Hi, I’m planning cleanup of the history data in a V 7.9 Camunda setup that has been running for a long time without history data cleanup. It has currently the history data from about 4M process instances.
Our goal is to run the cleanup in time windows when there are not many other processes running. We are trying not to overload the single node MariaDB that we have. The history variable tables are so big that indexes don’t fit in memory cache etc. (Btw, I’m really not a DB expert). It doesn’t really matter if the cleanup takes a longer time if we can avoid overloading the database server.
My question is that, in this kind of scenario, what would be the effect of historyCleanupBatch size? Should we use the default 500 or should we choose a smaller value?
(Of course, we set historyCleanupDegreeOfParallelism=1. I.e. we don’t run multiple cleanup jobs in parallel.)
Ideas for different approaches or other related info are welcome too.

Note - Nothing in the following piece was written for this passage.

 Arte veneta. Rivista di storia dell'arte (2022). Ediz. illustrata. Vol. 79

Hi @opsiikarla - my initial thought is that the default of 500 is a good starting point, assuming you set the cleanup window for a time where user load on the system is minimal.
The longer answer is that you will likely need to gather and provide some more data to know for sure. With the single node MariaDB, do you have historical charts on CPU load over time? Do you know for sure what peak user load looks like on the system and what time it occurs? Do you see API response times increase with this load? Without this information, it’s difficult to know for sure, but I think the defaults are a good starting point that you could always change if you observe too much load.

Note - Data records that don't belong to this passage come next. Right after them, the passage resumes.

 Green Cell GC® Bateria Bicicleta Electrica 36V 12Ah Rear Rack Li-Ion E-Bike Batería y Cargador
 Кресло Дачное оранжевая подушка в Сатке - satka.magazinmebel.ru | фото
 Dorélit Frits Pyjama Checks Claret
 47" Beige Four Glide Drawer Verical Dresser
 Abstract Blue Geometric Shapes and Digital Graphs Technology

In general though, I’m not sure adjusting the historyCleanupBatch
size will affect too much. It’s really just the size of the batch. Likely the cleanup will max out the job executor and run multiple batches and you will observe a spike in CPU while the cleanup is running. Camunda does a good job of not overloading the system, regardless of what you configure, but it will likely spike the CPU on your first few runs given the size of your history tables. I personally, have seen batch jobs run on extremely large Camunda databases where the CPU spikes to ~80% and remains there for the duration of the job. This is expected as the goal is to clean up this data as fast as possible within the constraints of the DB configuration.

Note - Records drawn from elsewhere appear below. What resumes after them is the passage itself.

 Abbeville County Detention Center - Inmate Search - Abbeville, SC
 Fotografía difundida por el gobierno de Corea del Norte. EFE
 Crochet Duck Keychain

Jwarren, Thank you for your answer.
Just to understand the concept of ‘batch’ : Let’s assume that we use the default size 500 and configure the cleanup to run for four hours. Does the cleanup work so that it will launch a batch job to clean up 500 objects from the history and when that is done it will launch another batch and so on. Until the end of the for hour time window.
If that is the case, I agree that we should start with using the default 500.
That is correct @opsiikarla. Likely there will be multiple batches (of 500, or whatever you configure) created during the four hour time window example. Once it finishes a batch, it will create another and continue the cleanup until the end of the time window. More details on how these batches work can be found here.
Thank you for your help @jwarren
Maybe the main issue was that I wasn’t sure what ‘batch’ means in the context of historyCleanupBatch parameter. It seems to be clear now.
You mentioned that we need information about response times, peak times, cpu loads and such. I think we have enough of that information so that we can start cleaning up in a safe way now that I have better understanding of how these cleanup batches work. Thank you very much!